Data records
········
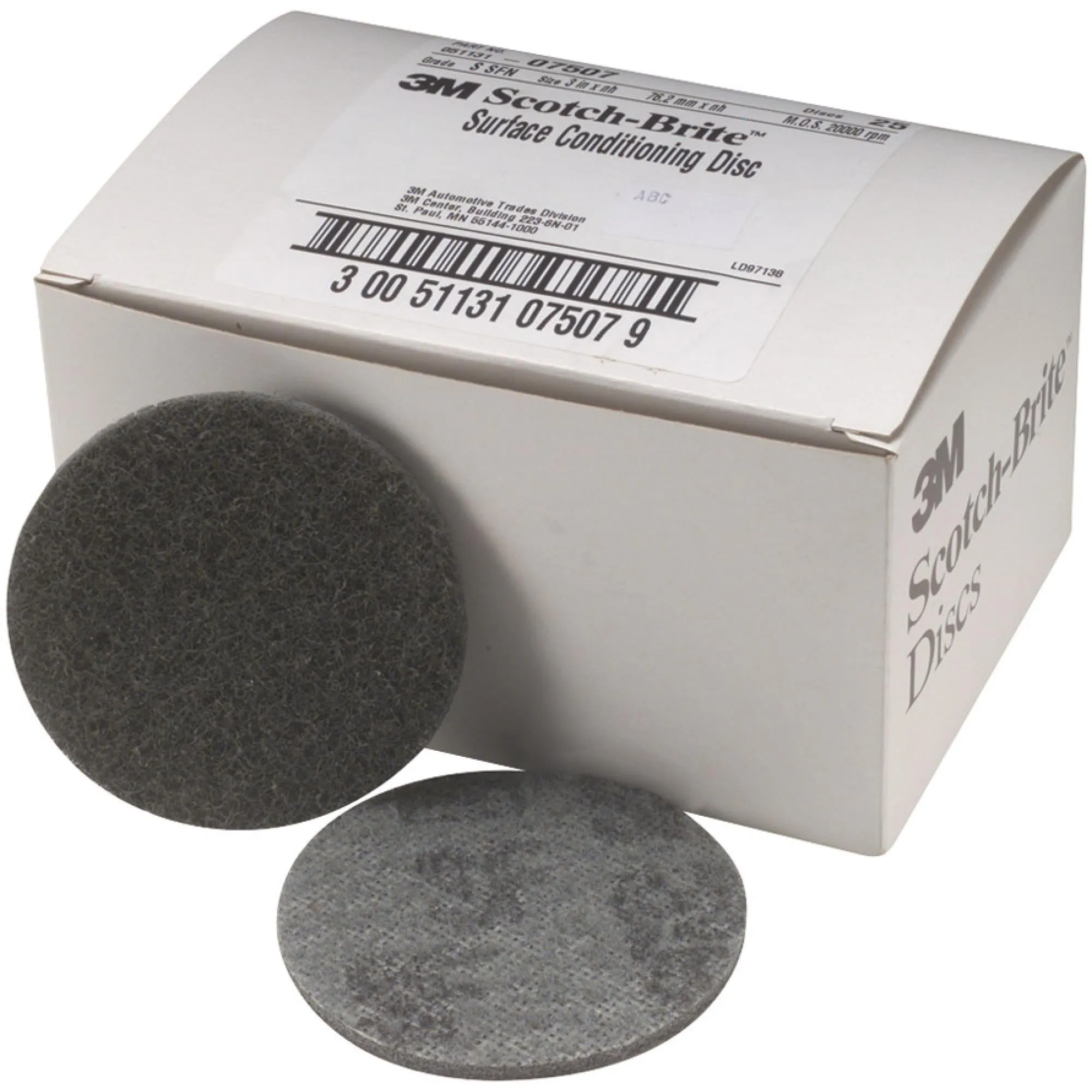Scotch-Brite Surface Conditioning Disc, SC-DH, 07507, SiC Super Fine, 3in x NH
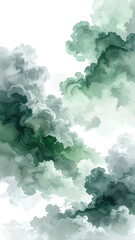 Abstract cloud formations in shades of teal and gray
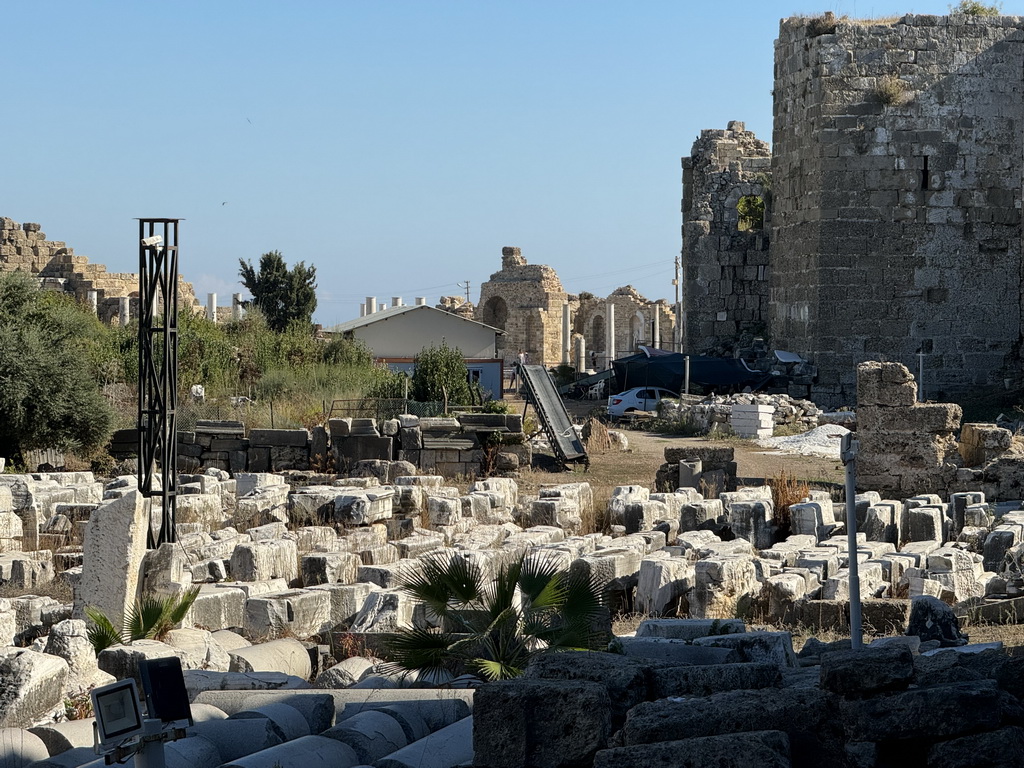 The Trade Agora, viewed from the Liman Caddesi street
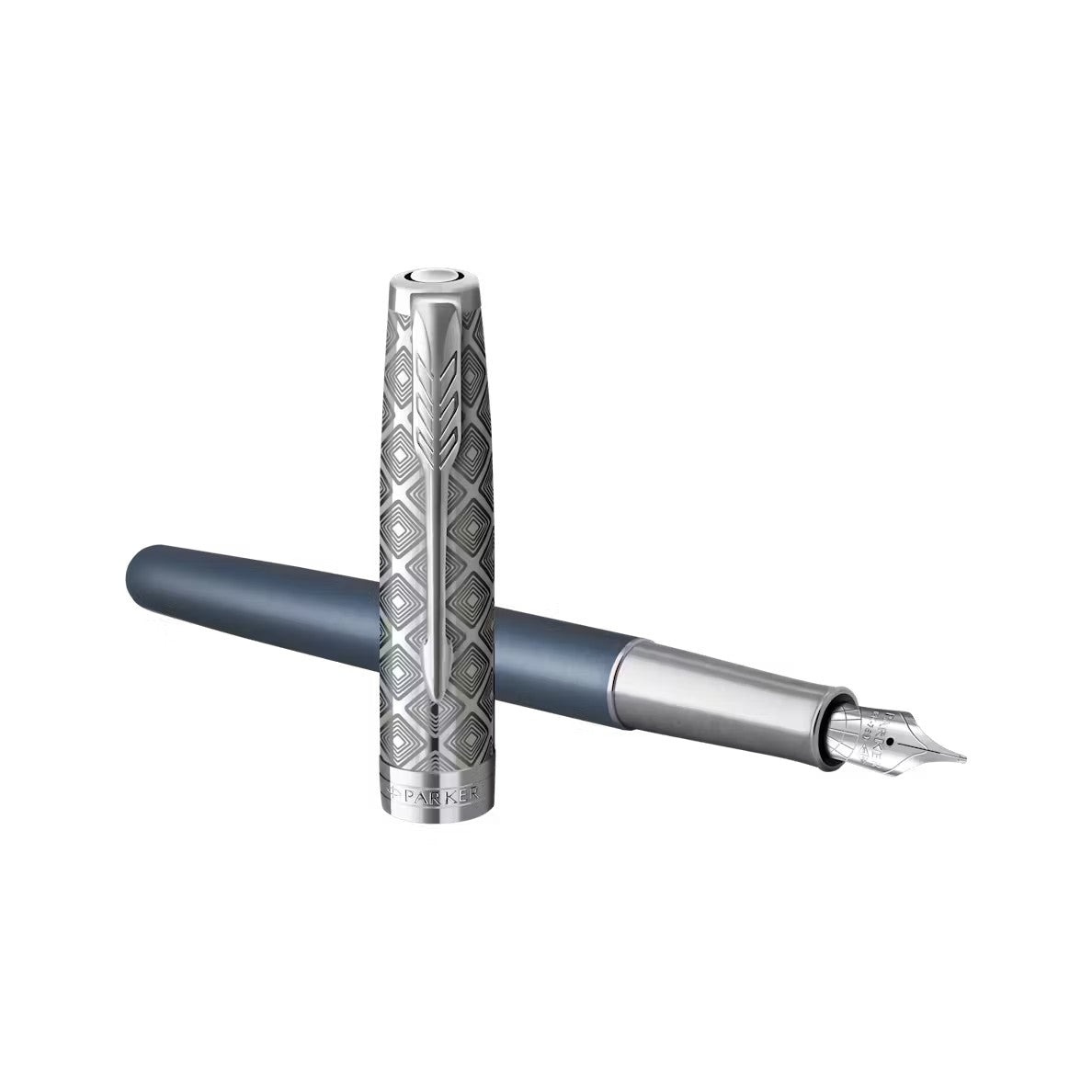 Parker Sonnet Premium Metal Blue CT Fountain Pen-18K F GB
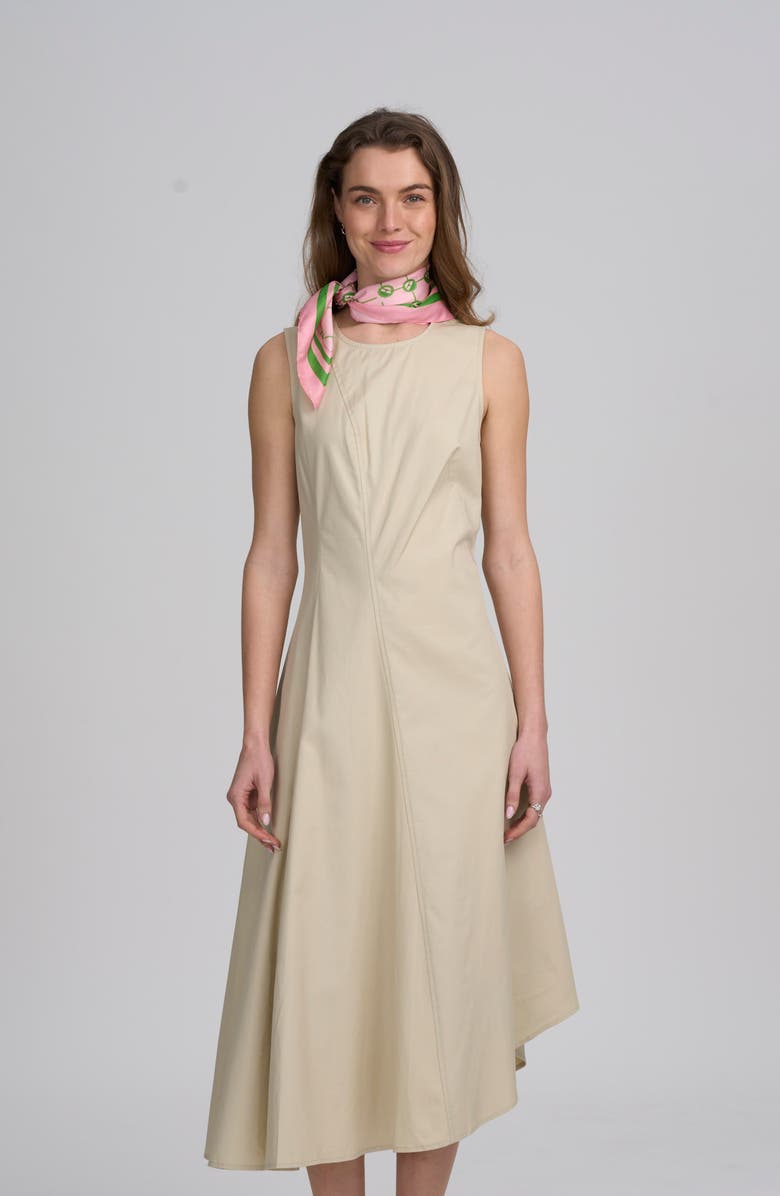 ELLE Collection Asymmetrical Dress, Main, color, Sand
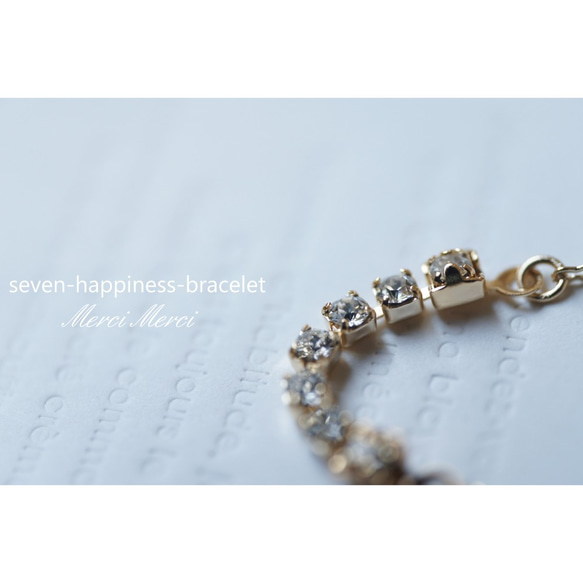 seven-happiness-bracelet...7つの幸せ♡ブレスレット 4枚目の画像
········
→ Task to complete
Without the pictures, return the records above exactly as written.

→ Result of the exercise
Scotch-Brite Surface Conditioning Disc, SC-DH, 07507, SiC Super Fine, 3in x NH
 Abstract cloud formations in shades of teal and gray
 The Trade Agora, viewed from the Liman Caddesi street
 Parker Sonnet Premium Metal Blue CT Fountain Pen-18K F GB
 ELLE Collection Asymmetrical Dress, Main, color, Sand
 seven-happiness-bracelet...7つの幸せ♡ブレスレット 4枚目の画像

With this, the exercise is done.